Here's a few examples of how the two are alike:
- "Fra" and "til" means "from" and "to" when used with dates.
- "Hej" is pronounced "hey" and serves roughly the same function in greeting people.
- "Tak" means "thanks" and sound a little like it, too.
- "Ja" is pronounced "ya" and means "ya," well, "yes."
But that's about it. At least with the Romance languages, you can guess more meaningful vocabulary terms. If you see "zupa de pesce" or hear a waiter say it, it's not that hard to conclude correctly that "zupa" is "soup" and "pesce" means "fish" or "piscine." I can't even read a can of soup at the Danish supermarket. It could be anything in there. Fish balls, chicken nuggets, matzo balls, who knows? I ran across a sign in front of somebody's garage this morning and it looked like it could've been poetry or a declaration of love or "don't block my driveway, assclown."
I blame Bill the Badass, which is what William the Conqueror would've been known had he been alive today.

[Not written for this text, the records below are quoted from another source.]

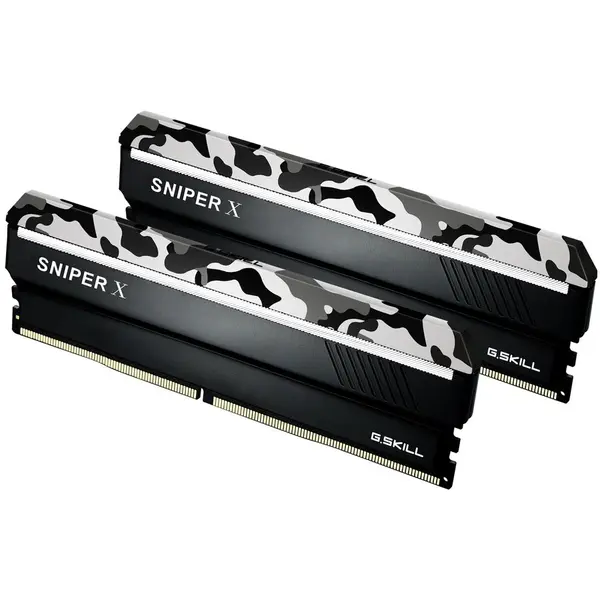 G.SKILL G.SKILL F4-3200C16D-16GSXWB G.Skill Sniper X DDR4 16GB (2x8GB) 3200MHz CL16 1.35V XMP 2.0 Urban Camo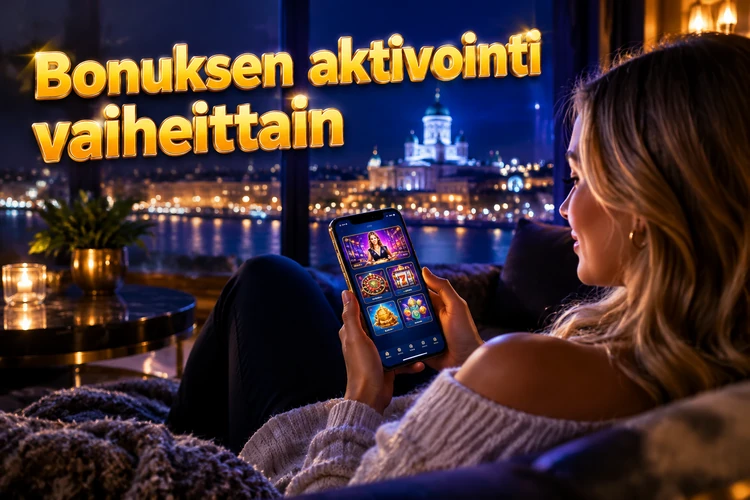 Bonuksen aktivointi vaiheittain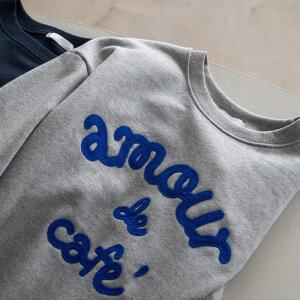 (안나앤모드) amour 니트 뜨개 자수 맨투맨 [티셔츠EC232]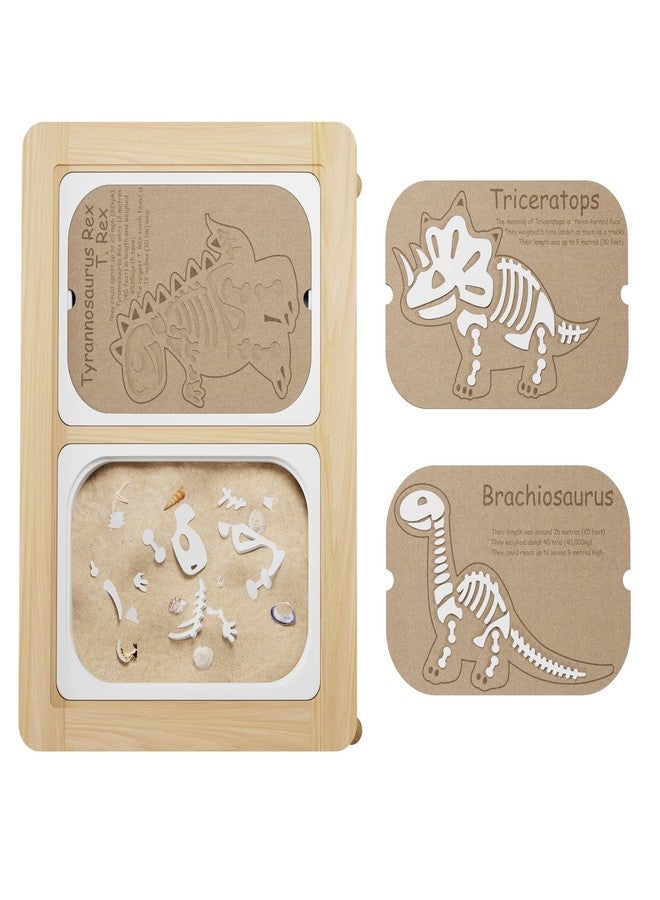 Ogears Sensory Table Accessories Flisat Trofast Inserts Dinosaurs Puzzle Set of 3 Pieces - Image 4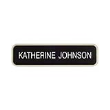 2" X 8" Customizable Black Frame Name Plate. Maximum 2 Lines.Great for Offices, Courthouses, Schools or Warehouses.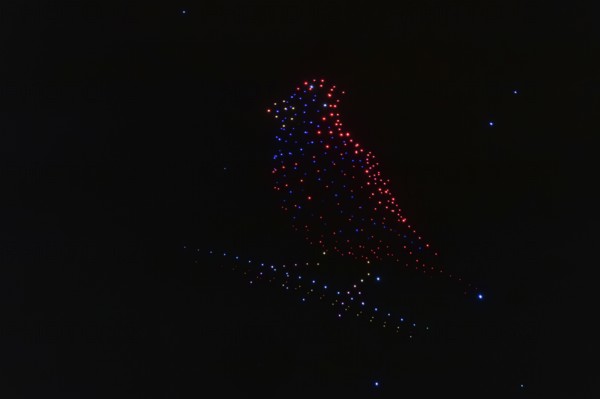 D, drone show
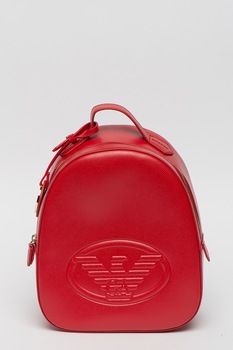 Emporio Armani, Rucsac de piele ecologica, cu accesoriu detasabil, Rosu Emporio Armani, Rucsac de piele ecologica, cu accesoriu detasabil, Rosu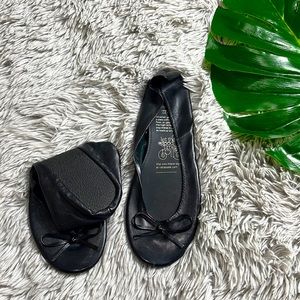 Rollasole black portable flats size L (9.5-10.5)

Old English and the Scandinavian languages used to be closer until Bill showed up with his army of, ironically enough, French-speaking Scandinavians and changed the English language by fire and the sword.
In the way that few native English speakers can speak Danish, all Danes speak English and very well. Oddly enough, most Danes I've spoken with have American accents and not British despite the proximity. As I've mentioned elsewhere, some Finns told a friend of mine that Scandinavian TV does not dub American movies and, consequently, that's how a lot of Scandinavians learned their accent.

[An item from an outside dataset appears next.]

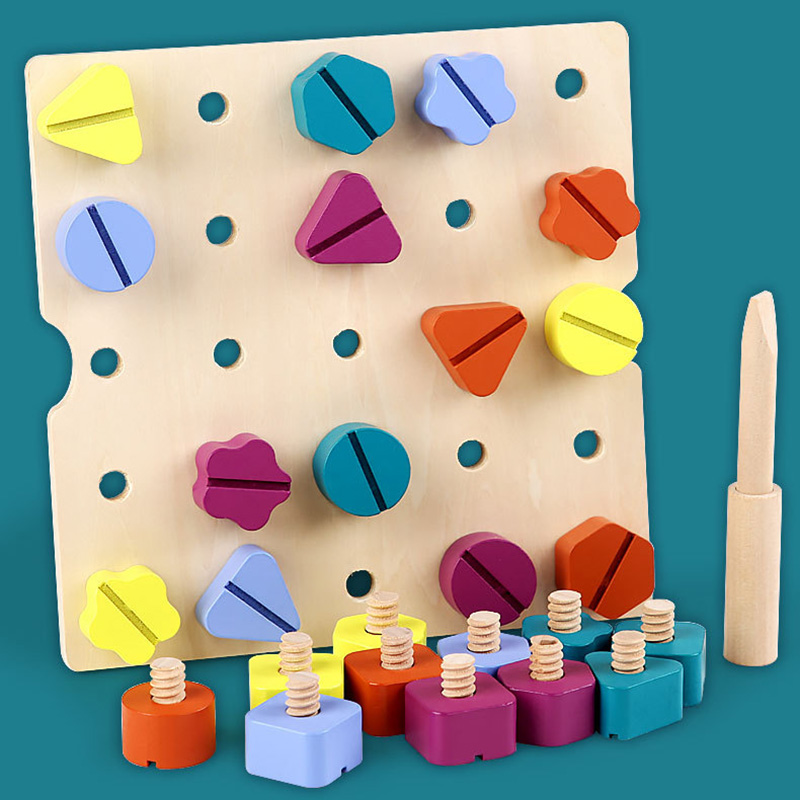 Children Wooden Screw Nut Disa - огляд і ціна Montessori Shelf Toy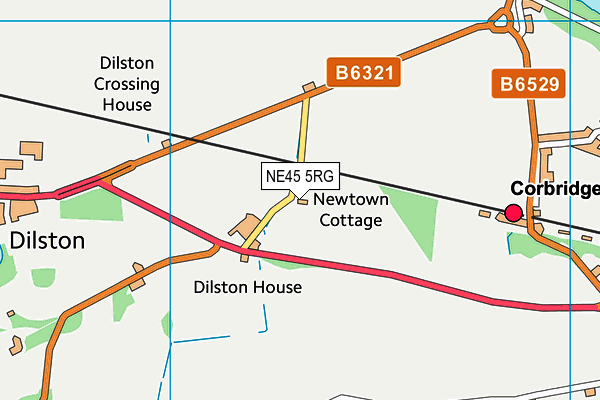 NE45 5RG map - OS VectorMap District (Ordnance Survey) NE45 5RG map - OS VectorMap District (Ordnance Survey)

Their use of the language is pretty clever, too, judging by the store signs I've seen. One is called "Kitsch Bitch," which I assume is a playful way to refer to their customers. Yeah, it looked like kitsch for women. Another is called "Golddigger" and if I were a golddigger, that's what I'd wear. And best of all, the Carlsberg beer advertising on Hans Christen Andersen Boulevard: "Probably the best beer in town." Who but inferiority-complex ridden Scandinavians could come up with that??

2 Comments:
Fish soup in Danish is "fisk suppe".
I would think that would be easier to figure out than "zupa de pesce". ;)
Thanks for the daily updates... :)
Maybe so but I never did see the word suppe used any where. I've been at two Swedish restaurants the last two days and both times I guessed part of some of the dishes and narrowed my choices down. Otherwise I'd have asked the server to read the entire menu and, apparently, Swedes aren't uniformly fluent in English as I'd come to believe.
Anyway, good old Swedish meatballs is köttbullar. Kött means meat and bullar must mean balls. I actually didn't know this before I ordered. I just asked what is that dish that goes with the lingon (berry) knowing that lingon berry goes with very meaty dishes, which I like.
I narrowed on to another dish at another restaurant by remembering that lax has something to do with salmon. It was roasted salmon.